*Supplied information*.

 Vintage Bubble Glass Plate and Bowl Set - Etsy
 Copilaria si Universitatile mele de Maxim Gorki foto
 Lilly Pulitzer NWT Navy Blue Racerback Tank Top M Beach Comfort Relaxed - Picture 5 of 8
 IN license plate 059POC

--

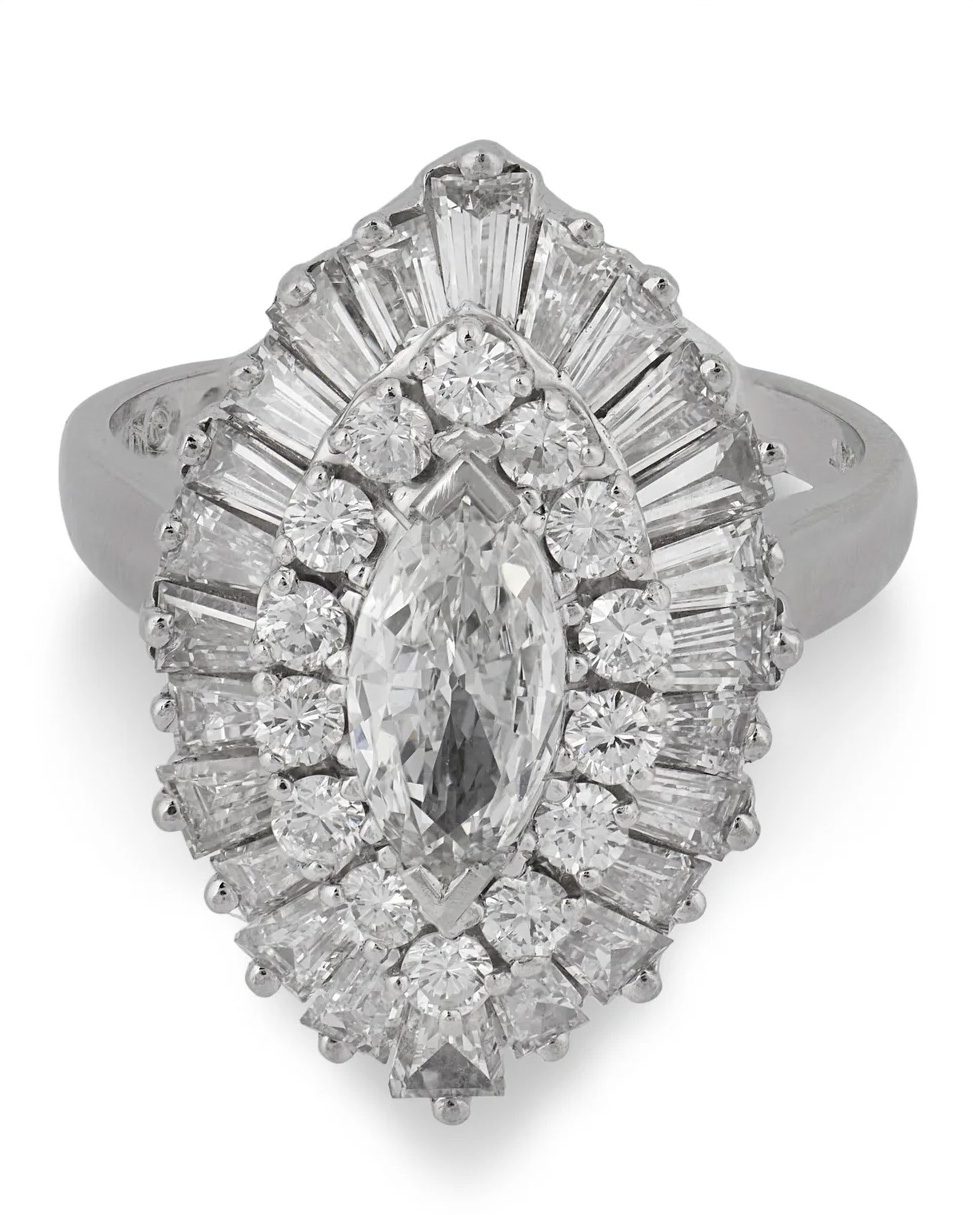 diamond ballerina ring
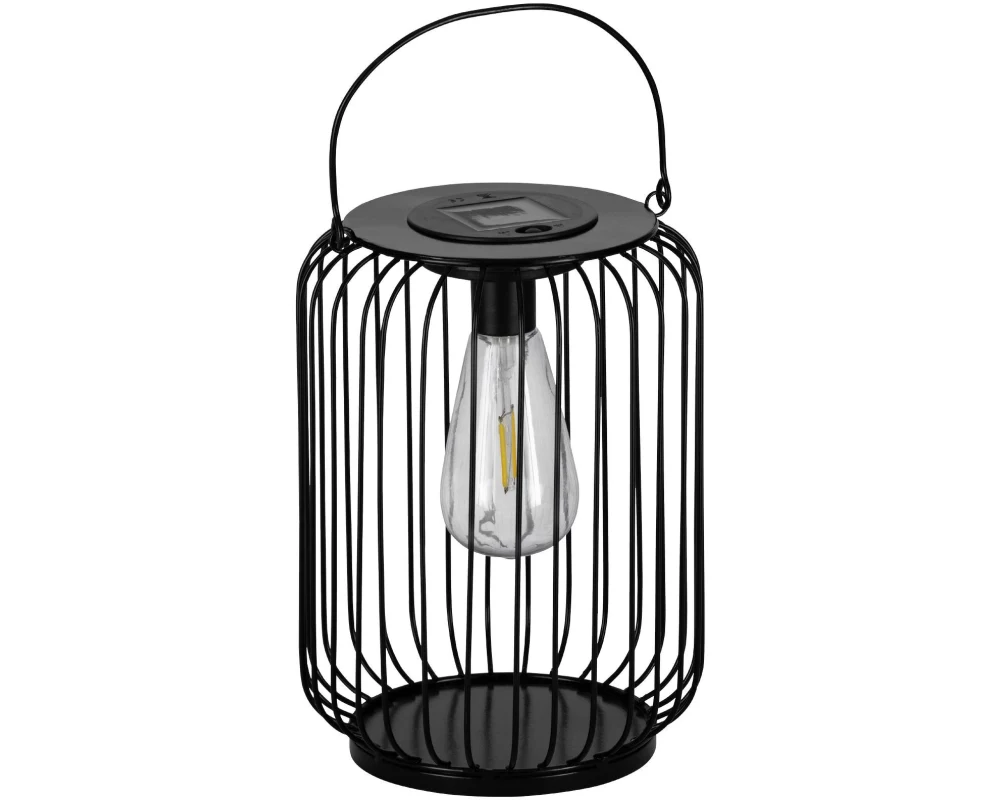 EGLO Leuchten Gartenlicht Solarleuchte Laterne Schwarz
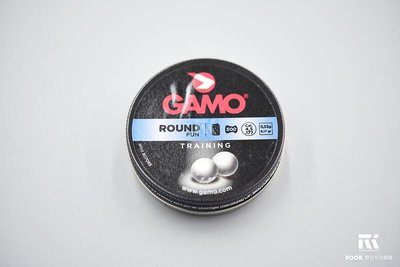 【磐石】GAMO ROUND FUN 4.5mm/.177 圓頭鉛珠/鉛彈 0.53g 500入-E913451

*Exercise prompt*.
Repeat word for word the lines above that run from the line containing "Vintage Bubble Glass" through the line containing "IN license plate 059POC", both ends included, and nothing else.

*Exercise solution*.
 Vintage Bubble Glass Plate and Bowl Set - Etsy
 Copilaria si Universitatile mele de Maxim Gorki foto
 Lilly Pulitzer NWT Navy Blue Racerback Tank Top M Beach Comfort Relaxed - Picture 5 of 8
 IN license plate 059POC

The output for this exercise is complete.